**Record extracts:**
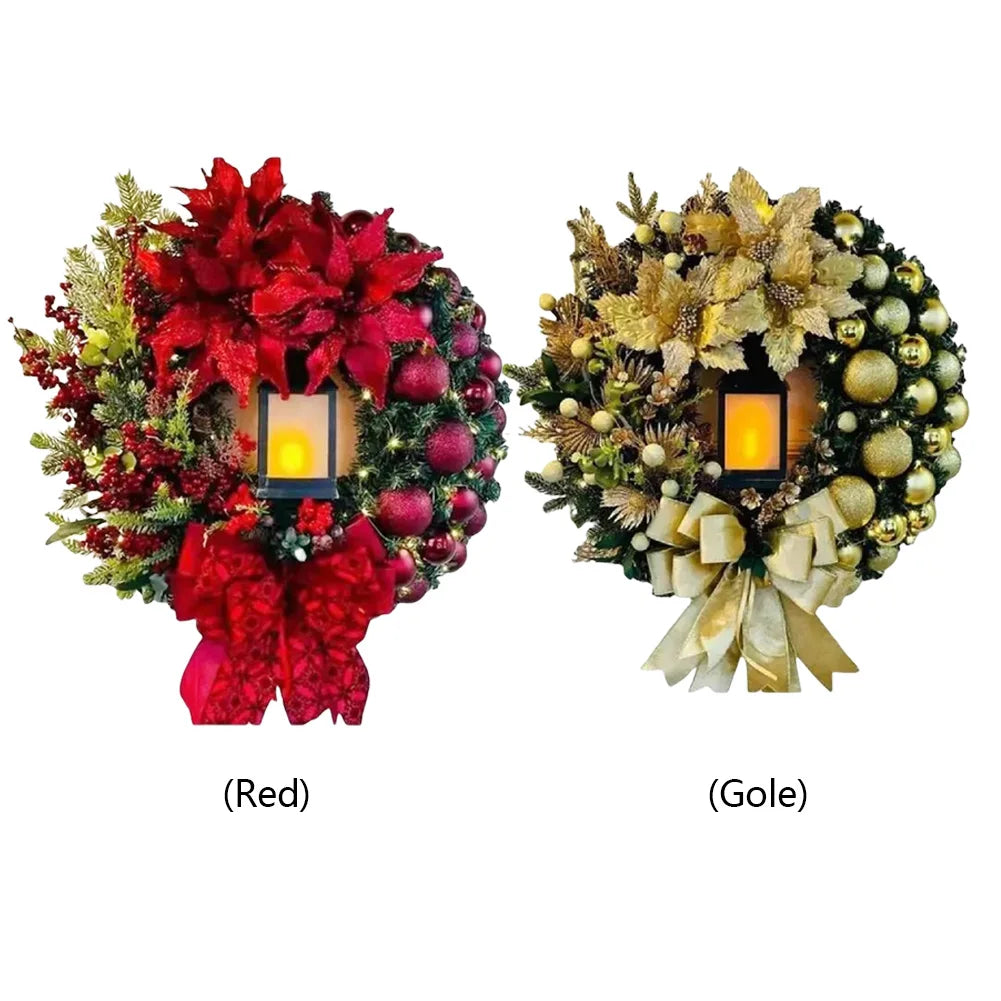 Christmas Wreath With Lamp Artificial Hanging Ornaments Front Door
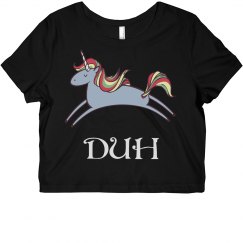 DUH unicorn crop top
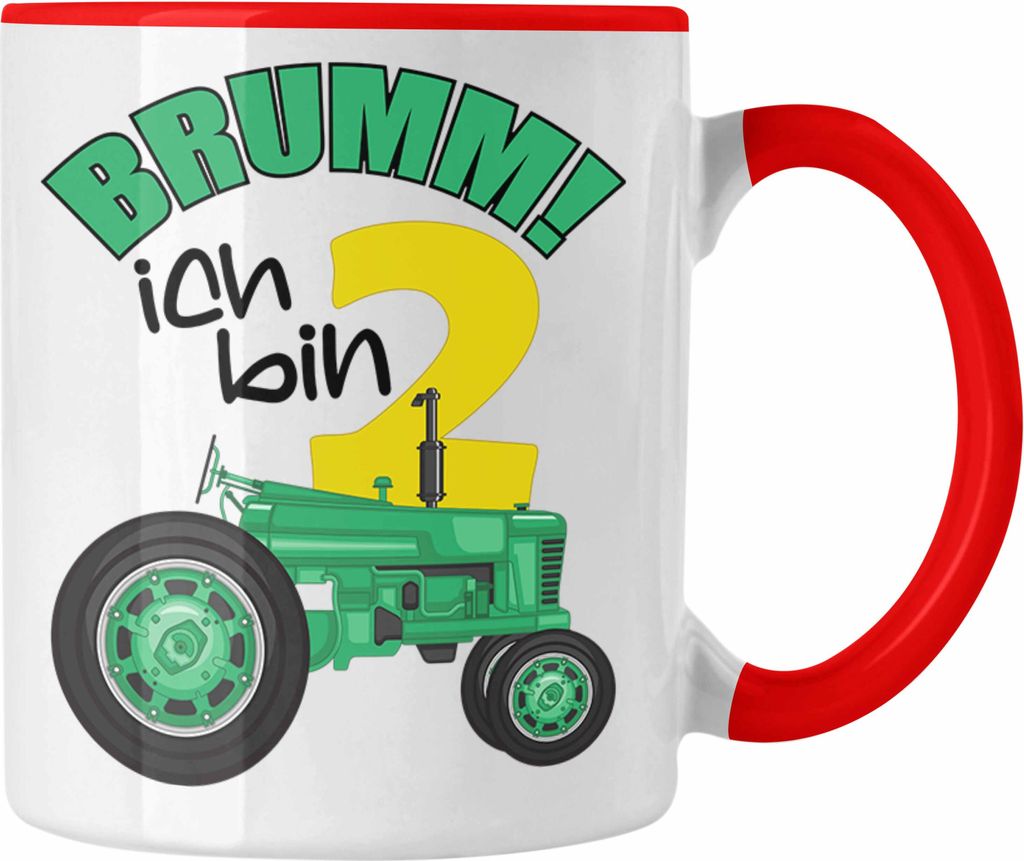 Trendation - 2. Geburtstag Tasse Geschenk Becher Zweiter Bday Geschenkidee 2 Jahre Alt Baby Junge Jungs Kakaotasse Traktor (Rot)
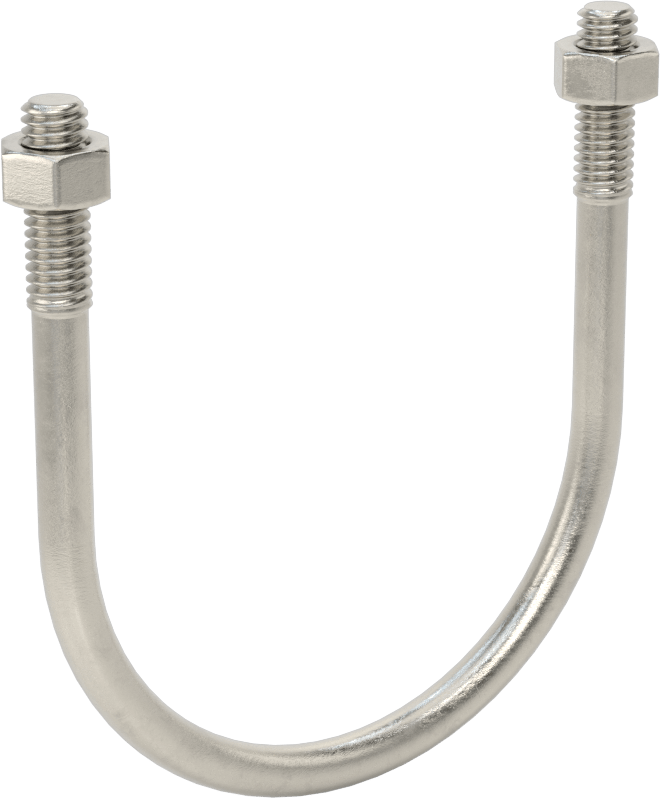 304 Paslanmaz Çelik U Cıvata, 5/16"-18 Diş Boyutu, 3" ID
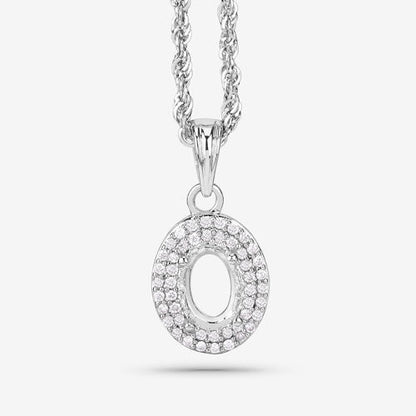 0.17 Carat Genuine White Diamond 14K White Gold Semi Mount Pendant - holds 7x5mm Oval Gemstone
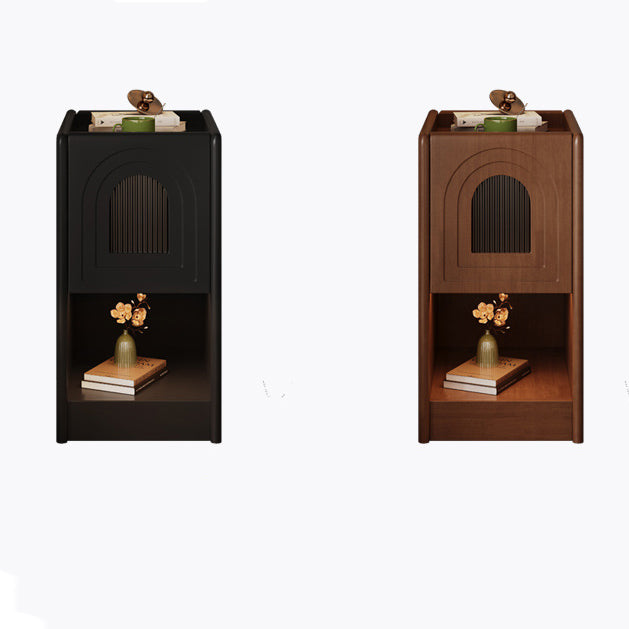 Traditional Vintage Rectangular Rubberwood Nightstand 1-Drawer Storage Cabinet For Bedroom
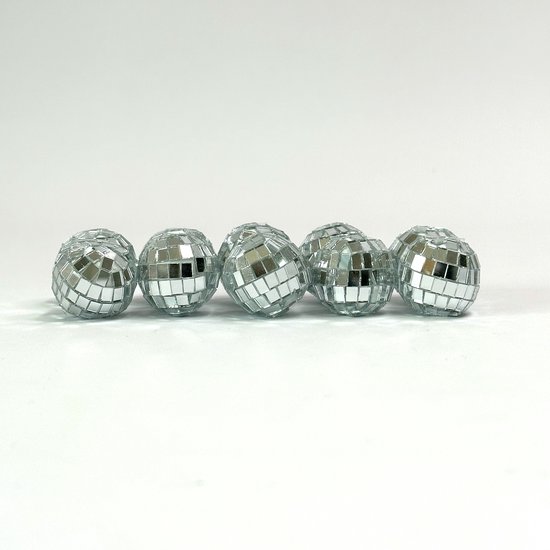 15 pièces petite boule disco miroir 3 cm 1,2 pouces de diamètre, ornements de boule de Noël, boule de décoration de scène de fête de gâteau, boule réfléchissante miroir disco (argent)
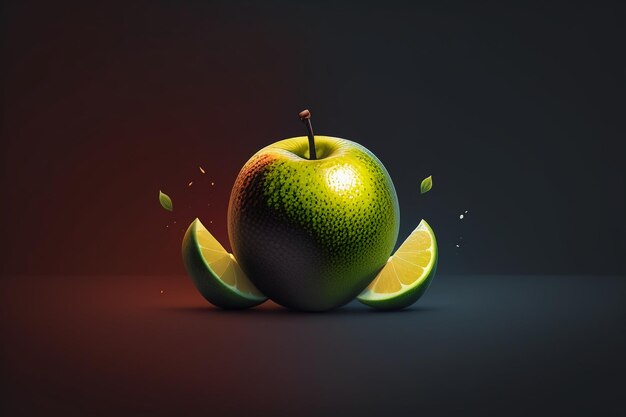 Naturaleza muerta, fruta de manzana, cartel creativo, cubierta, banner, papel tapiz, fondo, diseño, arte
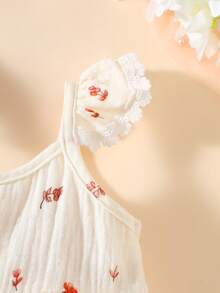 Newborn Baby Girl Cute Printed Strap Dress - White - View 7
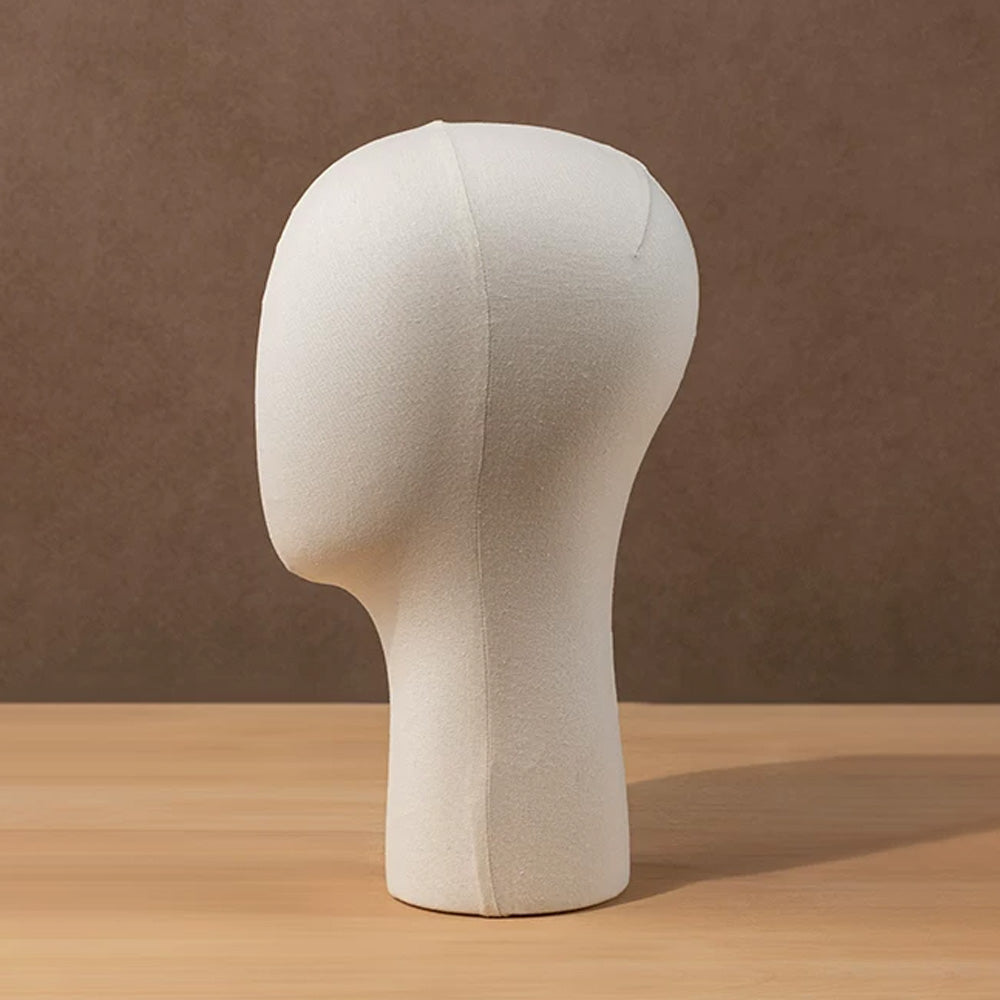 JELIMATE Fabric Mannequin Head Display Stand for Wigs Hats Scarves with Adjustable Base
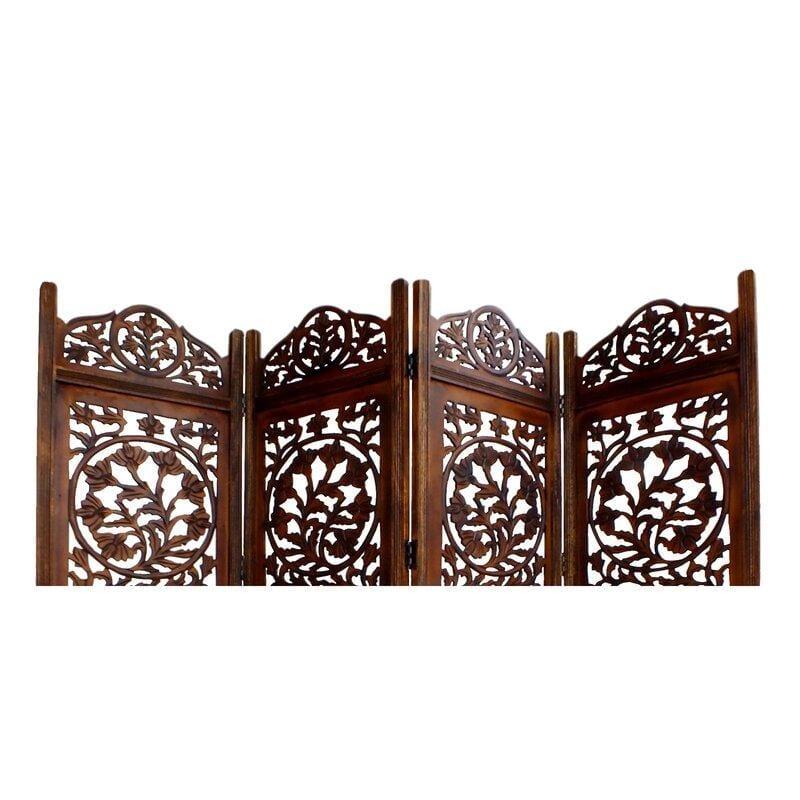 4 - Panel Solid Wood Folding Room Divider - Ouch Cart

**Assignment:** Line by line, print the records exactly, leaving the pictures behind.

**Written reply:**
 Christmas Wreath With Lamp Artificial Hanging Ornaments Front Door
 DUH unicorn crop top
 Trendation - 2. Geburtstag Tasse Geschenk Becher Zweiter Bday Geschenkidee 2 Jahre Alt Baby Junge Jungs Kakaotasse Traktor (Rot)
 304 Paslanmaz Çelik U Cıvata, 5/16"-18 Diş Boyutu, 3" ID
 0.17 Carat Genuine White Diamond 14K White Gold Semi Mount Pendant - holds 7x5mm Oval Gemstone
 Traditional Vintage Rectangular Rubberwood Nightstand 1-Drawer Storage Cabinet For Bedroom
 15 pièces petite boule disco miroir 3 cm 1,2 pouces de diamètre, ornements de boule de Noël, boule de décoration de scène de fête de gâteau, boule réfléchissante miroir disco (argent)
 Naturaleza muerta, fruta de manzana, cartel creativo, cubierta, banner, papel tapiz, fondo, diseño, arte
 Newborn Baby Girl Cute Printed Strap Dress - White - View 7
 JELIMATE Fabric Mannequin Head Display Stand for Wigs Hats Scarves with Adjustable Base
 4 - Panel Solid Wood Folding Room Divider - Ouch Cart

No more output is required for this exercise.